Here are three things that every smart American investor should know about Europe: they call a Quarter Pounder a “Royale With Cheese;” everyone in France wears a beret with their name on it; the region’s equities have never been valued as closely to American stocks.
OK fine, that second part isn’t true. It’s just a bad interpretation of European culture from a good American movie. But given the way things are going, American and European interpretations of equity values have never looked more similar.
The Euro Stoxx 50 Index has rallied almost 6 percent this year after an 18 percent gain in 2013. The benchmark gauge is trading for about 14.8 times its companies estimated earnings over the next 12 months.
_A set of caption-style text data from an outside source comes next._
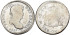 Cy14456.-FERNANDO VII -1 Real 1817 Lima J.P. - MC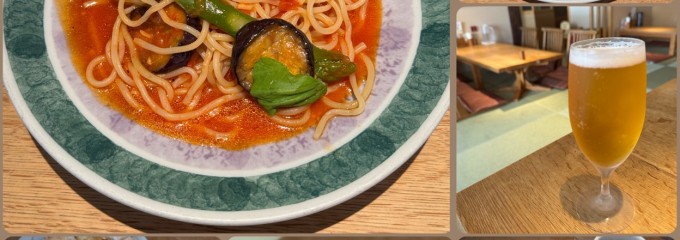 鎌倉パスタ 町田東急ツインズ店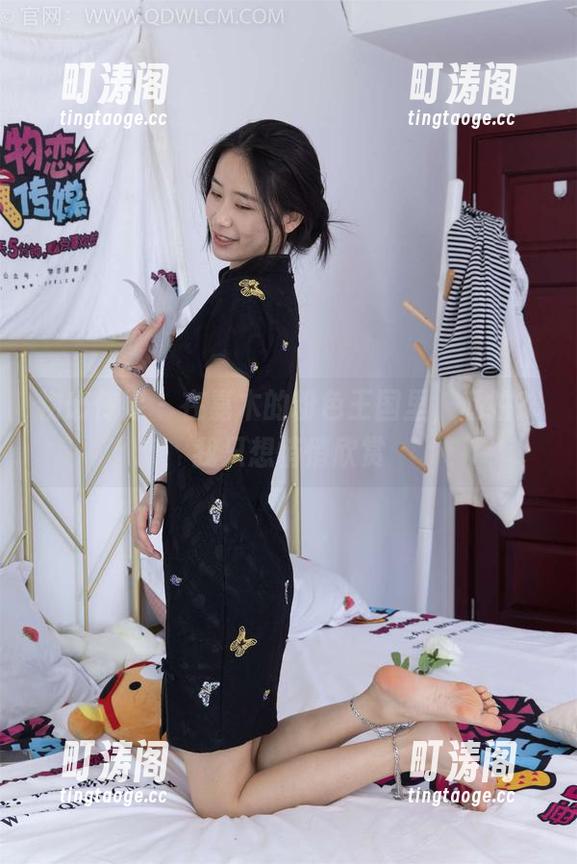 物恋传媒-嘉木 物恋传媒 - 在嘉木的粉色王国里,私拍?我只想悄悄欣赏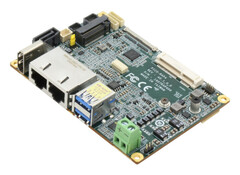 AAEON sprzedaje PICO-RAP4 w wielu opcjach procesora, z których wszystkie oparte są na architekturze Intel Raptor Lake. (Źródło zdjęcia: AAEON)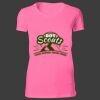 Ladies' The Favorite-slim feminine fit T-Shirt Thumbnail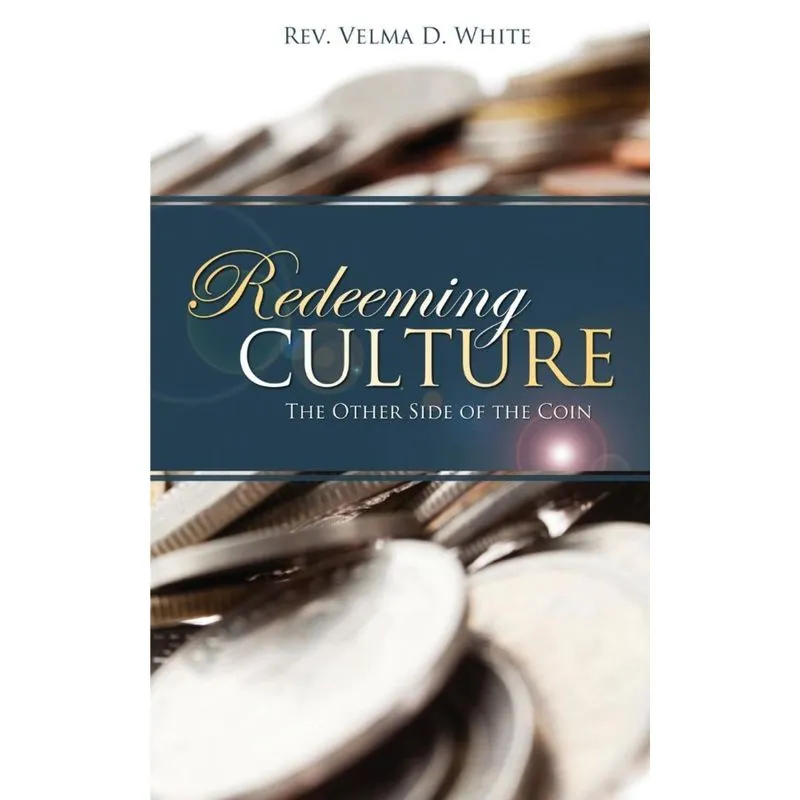 Redeeming Culture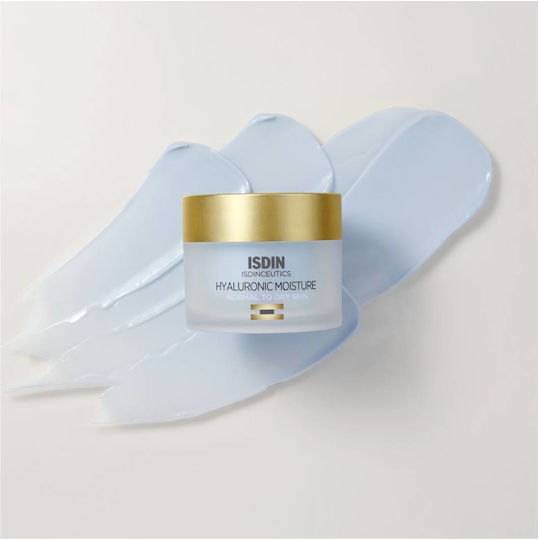Isdin Light 24h Cream Face Day 50ml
That’s the highest it’s been in Bloomberg data going back to 2005, and last week the index’s valuation discount to the Standard & Poor’s 500 Index was the smallest on record based on forward profit estimates.
What in the name of Le Big Mac is going on here? Wasn’t this the region that was falling apart at its finely-tailored seams not too long ago? Is the euro area’s 1.1 percent projected economic growth this year that exciting? Or are bubbles percolating in the fondue pot?
“Positioning is not extreme,” Credit Suisse Group AG’s London-based strategist Andrew Garthwaite writes. “The potential for superior earnings growth is not yet fully discounted.”
Garthwaite acknowledges the rising valuations, which by his math show that non-financial price-to-earnings multiples are 11 percent above their 15-year average relative to global markets. However, he forecasts profit growth of at least 40 percent in the euro area over the next three years, the most of any of the world’s major regions.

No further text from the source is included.